Adrenal Gland - Hyperplasia
comment:Hyperplasia is defined as a focal to diffuse increase in cell number. Hyperplasia is generally focal, though diffuse hyperplasia may occur. One or both adrenal glands can be affected. In both rats and mice, cortical hyperplasia most commonly occurs in the zona fasciculata ( Figure 1 , Figure 2 , Figure 3 , Figure 4 , Figure 5 , and Figure 6 ), though the zona reticularis can also be affected.
Hyperplastic foci in the cortex and medulla are generally rounded, circumscribed areas of variable diameter, characterized by increased numbers of cortical cells. In the cortex, the normal radial cord-like architecture is usually maintained. The hyperplastic foci can be well-demarcated or can blend almost imperceptibly with the adjacent normal tissue; compression is generally absent to minimal. Compared with normal cortical cells, hyperplastic cells are usually but not always smaller, with cytoplasm that can be vacuolated and/or tinctorially different (often more basophilic). In the medulla, foci of hyperplasia are often located at the periphery of the adrenal medulla, at or near the corticomedullary junction ( Figure 7 and Figure 8 ), though they can also occur in the more central medulla ( Figure 9 and Figure 10 ). Compared with normal medullary cells, hyperplastic cells are usually smaller with more basophilic cytoplasm ( Figure 7 , Figure 8 , Figure 9 , and Figure 10 ). In both the cortex and medulla, rare mitotic figures may be present, but the hyperplastic cells typically lack features of cellular atypia.

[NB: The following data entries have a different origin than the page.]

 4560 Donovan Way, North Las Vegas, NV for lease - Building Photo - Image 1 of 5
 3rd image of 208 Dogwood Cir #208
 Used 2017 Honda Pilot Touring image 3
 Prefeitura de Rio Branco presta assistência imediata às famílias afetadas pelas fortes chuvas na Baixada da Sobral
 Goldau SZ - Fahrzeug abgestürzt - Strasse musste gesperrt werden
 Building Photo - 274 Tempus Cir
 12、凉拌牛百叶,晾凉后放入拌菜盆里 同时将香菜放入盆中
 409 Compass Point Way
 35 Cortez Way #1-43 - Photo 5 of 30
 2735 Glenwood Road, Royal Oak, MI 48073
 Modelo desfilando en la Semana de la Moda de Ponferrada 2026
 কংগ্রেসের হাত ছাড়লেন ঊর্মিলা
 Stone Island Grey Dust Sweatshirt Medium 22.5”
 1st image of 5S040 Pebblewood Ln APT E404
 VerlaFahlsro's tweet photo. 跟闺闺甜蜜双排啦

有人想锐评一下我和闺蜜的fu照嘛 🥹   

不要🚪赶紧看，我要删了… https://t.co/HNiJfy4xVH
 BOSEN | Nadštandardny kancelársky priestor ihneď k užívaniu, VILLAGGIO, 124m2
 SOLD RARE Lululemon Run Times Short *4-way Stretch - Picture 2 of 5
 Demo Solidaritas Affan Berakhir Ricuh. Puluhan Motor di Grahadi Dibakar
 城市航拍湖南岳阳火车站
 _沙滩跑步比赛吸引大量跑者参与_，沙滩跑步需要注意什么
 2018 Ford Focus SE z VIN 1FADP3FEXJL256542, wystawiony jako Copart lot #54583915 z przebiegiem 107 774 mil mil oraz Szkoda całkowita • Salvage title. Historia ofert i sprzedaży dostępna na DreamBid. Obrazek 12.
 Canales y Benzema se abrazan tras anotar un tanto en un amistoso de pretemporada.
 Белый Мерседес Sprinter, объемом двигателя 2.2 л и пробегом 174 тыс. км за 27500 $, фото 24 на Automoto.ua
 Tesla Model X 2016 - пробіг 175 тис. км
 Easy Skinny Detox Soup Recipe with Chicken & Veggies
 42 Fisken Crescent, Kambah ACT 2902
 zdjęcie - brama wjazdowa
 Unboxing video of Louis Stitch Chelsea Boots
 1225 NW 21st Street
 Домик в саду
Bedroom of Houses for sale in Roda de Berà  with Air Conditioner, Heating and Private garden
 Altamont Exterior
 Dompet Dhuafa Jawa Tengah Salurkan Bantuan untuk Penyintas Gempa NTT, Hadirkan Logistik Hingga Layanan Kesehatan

Cortical and medullary hyperplasia can be a spontaneous aging change, which occurs more commonly in rats than mice. Other causes of cortical hyperplasia include stress, and abnormally elevated adrenocorticotropic hormone (ACTH) levels due to any factor that perturbs the hypothalamic-pituitary-adrenal hormonal axis and/or adrenal steroidogenesis. Medullary hyperplasia can also result from experimental genetic modifications, dietary manipulations, and administration of various chemicals. Hyperplasia may also be a regenerative response to cell loss from degeneration, atrophy, or necrosis.
Focal cortical and medullary hyperplasias are considered proliferative lesions in a morphologic continuum that can progress to neoplasia (adenoma and carcinoma in the cortex and benign and malignant pheochromocytoma in the medulla). Differentiating large focal hyperplasias from smaller adenomas or pheochromocytomas can be challenging, but the neoplasms, compared with hyperplastic foci, are more compressive, exhibit more disorganization, and have some degree of cellular pleomorphism.
Cortical hyperplasia (increased cell numbers) and cortical hypertrophy (increased cell size) can often be concurrent lesions in the same gland or even in the same focus. Thus, as a practical matter, determining whether hyperplasia or hypertrophy is predominant in a given lesion and/or adrenal gland can be very difficult.
recommendation:Adrenal gland - Hyperplasia should be diagnosed and assigned a severity grade and site modifier (i.e., cortex, medulla) and distribution modifier (i.e., focal, diffuse). The modifier "bilateral" should be added when hyperplasia is present in both glands. When there is focal hyperplasia and a neoplasm in the same site (cortex or medulla) in the same adrenal gland, both should be diagnosed only if the pathologist feels they are separate lesions; otherwise, only the neoplasm is diagnosed. In cases where cortical hyperplasia and hypertrophy are present in the same lesion, only hyperplasia should be diagnosed, with the hypertrophy described in the pathology narrative.